» **What you should do**
Here, the job is to give back every entry below unchanged, omitting pictures.

(Saved entries)

>>>>>

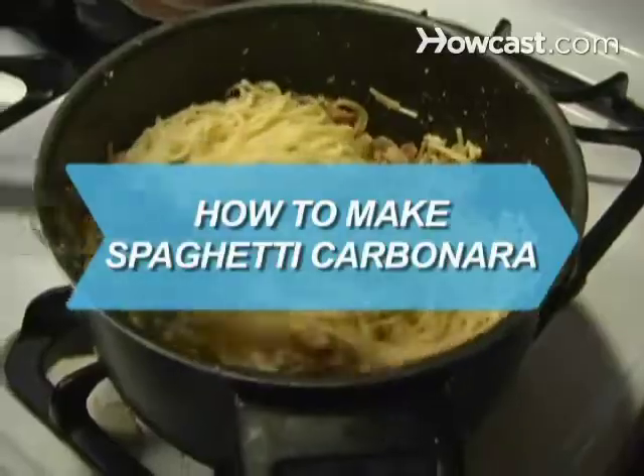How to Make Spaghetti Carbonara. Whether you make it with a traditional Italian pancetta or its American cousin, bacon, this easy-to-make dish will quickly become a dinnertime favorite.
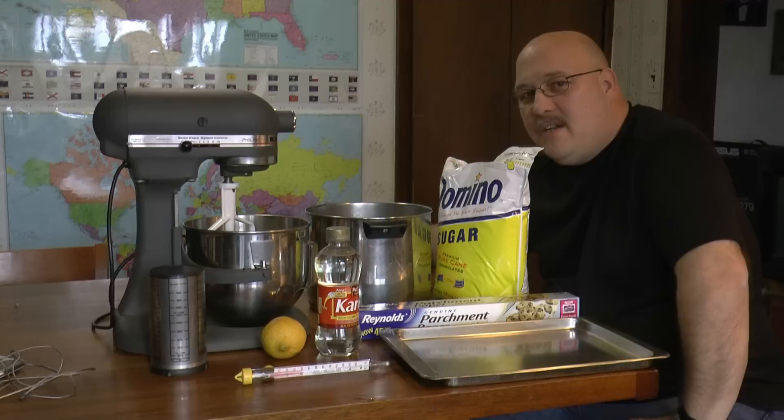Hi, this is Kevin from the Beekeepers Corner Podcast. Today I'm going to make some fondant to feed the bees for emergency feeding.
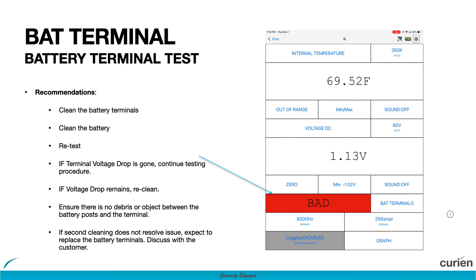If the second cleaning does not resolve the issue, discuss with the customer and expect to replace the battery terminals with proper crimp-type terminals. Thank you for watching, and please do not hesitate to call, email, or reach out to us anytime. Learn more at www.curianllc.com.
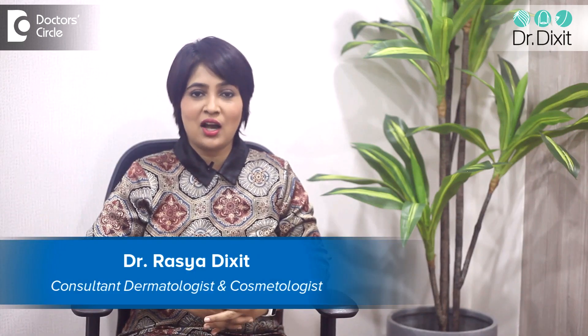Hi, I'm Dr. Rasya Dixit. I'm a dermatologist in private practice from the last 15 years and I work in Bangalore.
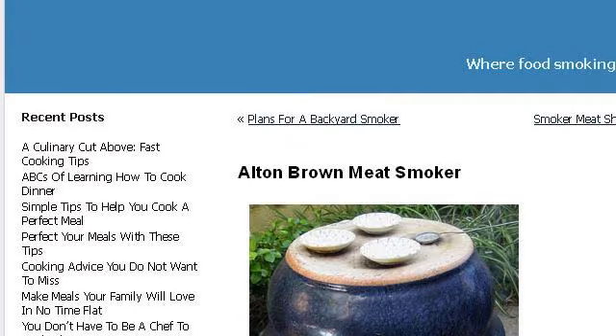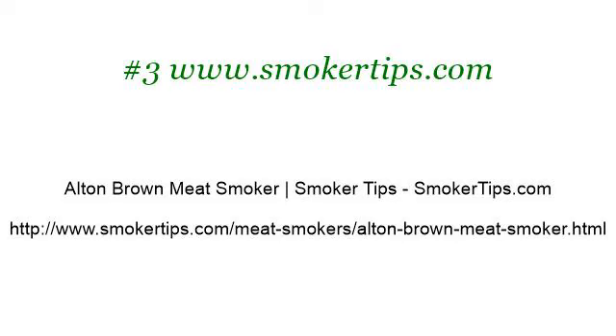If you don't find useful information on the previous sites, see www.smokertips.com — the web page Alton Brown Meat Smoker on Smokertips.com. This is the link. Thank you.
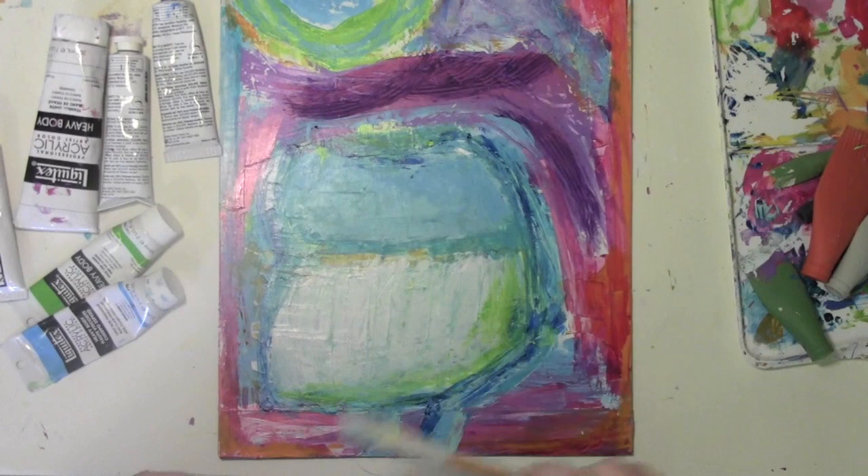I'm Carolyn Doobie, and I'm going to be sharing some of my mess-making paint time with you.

<<<<<

» **Answer for the task**
How to Make Spaghetti Carbonara. Whether you make it with a traditional Italian pancetta or its American cousin, bacon, this easy-to-make dish will quickly become a dinnertime favorite.
Hi, this is Kevin from the Beekeepers Corner Podcast. Today I'm going to make some fondant to feed the bees for emergency feeding.
If the second cleaning does not resolve the issue, discuss with the customer and expect to replace the battery terminals with proper crimp-type terminals. Thank you for watching, and please do not hesitate to call, email, or reach out to us anytime. Learn more at www.curianllc.com.
Hi, I'm Dr. Rasya Dixit. I'm a dermatologist in private practice from the last 15 years and I work in Bangalore.
If you don't find useful information on the previous sites, see www.smokertips.com — the web page Alton Brown Meat Smoker on Smokertips.com. This is the link. Thank you.
I'm Carolyn Doobie, and I'm going to be sharing some of my mess-making paint time with you.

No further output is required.